Time Warner CEO Jeff Bewkes and News Corp COO Chase Carey took the message to The Cable Show this morning, urging attendees to jump on the Internet video bandwagon — even if it means relaxing their grip on the relationship with their customers. “We’ve just got to do it faster,” Bewkes says about TV Everywhere, the service that enables subscribers to watch TV shows on mobile devices. Carey agreed that “it should go faster,” adding that “we get too hung up on protecting the rules of the past.” That was a subtle swipe at pay TV distributors who covet their gatekeeper role. Many fear that they could lose control once subscribers begin to use an iPad or other device to access shows directly from programmers — without a need for the operator’s set top box or on-screen guide. ”We’ve got to find a way to make all of these experiences easier to use and more accessible,” Carey says. “That requires us to work together.” Bewkes agreed. “Let consumers use the interfaces they want,” he says. “You’ll still have your subscriber relationship. We can’t develop the best, world-class interfaces at the scale that a distribution company has. Silicon Valley, the Internet industry, is a global industry and that’s what they do. We should harness that….Don’t try to hold that back. Consumers won’t allow it.”
Cox Communications president Pat Esser defended operators’ progress thus far, but added “along the way you’ve got to negotiate agreements…and we’re got to figure out how the economics work.” He noted that “we all have a relationship with the customer. What we have to understand is that this business is becoming more complex.” For example, programmer price hikes — including for TV EVerywhere distribution rights — could result in “disadvantaging people in the marketplace you could have had inside that circle of consumption.” He also raised the specter of piracy when content is distributed on the Internet. “We have some work to do,” he says. There’s “not a piece of live entertainment produced today that you can’t find somewhere globally being redistributed within 10 minutes.” Carey and Bewkes seemed unfazed. The Time Warner chief says economic pressures on the industry should ease when the economy improves. And with piracy, Carey says that he doesn’t “think the genie is out of the bottle” yet. (He still supports a law, though, to crack down on Internet pirates.)

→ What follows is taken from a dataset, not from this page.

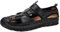 SHOBDW schwarz rot angebote Damen Hausschuhe Offen Sandalen Leder Supersoft Pantoletten Holzpantoffeln Herren Sommerschuhe Breite Füße Pantolette Mädchen Schlappen Einlagen Geeignet Arbeitsschuhe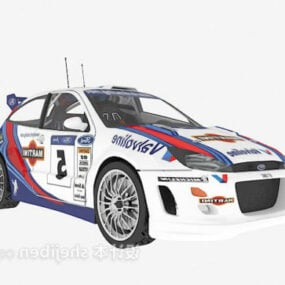 Racing Sports Car 3d model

Good advice! Get in the game or get out of the way.
if Jeff Bewkes is saying this, why can’t I–as a Time Warner subscriber–watch HBO Go via my Roku? It’s Time Warner that makes it impossible.
Consumers want all content, in the way they want it, when they want it. Whoever comes closest to making that a reality will win. Well, it’s already a reality – the torrents. So make something like that, but that people will pay for.
And it’s not impossible – people will pay for more convenience, more safety against bad things that torrents don’t protect against, and more community/social experience. Content will always be pirate-able but you can’t pirate a community.
Don’t think of piracy as “the enemy” but rather as an opportunity. It tells you what people want, and what form they want it in. It’s building a market for you. Don’t bitch about it – USE it.
I’m confident that the corporate dinosaurs will be unable to follow any of this advice and that the future will lie in fast, nimble startups who have no traditions or entrenched interests to inhibit their creativity.
I remember tv everywhere just go back to the 50 & 60′s when we were happy to watch free tv all you had to do is buy a tv. Today we spend about $150 per month the cable and other companies haves priced themselves out of the market and you can’t stop TV everywere one day soon it’s going to come with Netflicks and other companies at $7.95 per month one shouldn’t have to pay to access programs including Internet service every week new products come on the market TWC is worried about loosing there customer base. I know linger purchase premium channels fight back don’t buy and TV everywere will come sooner rather then later so will Internet everywhere and prices will drop.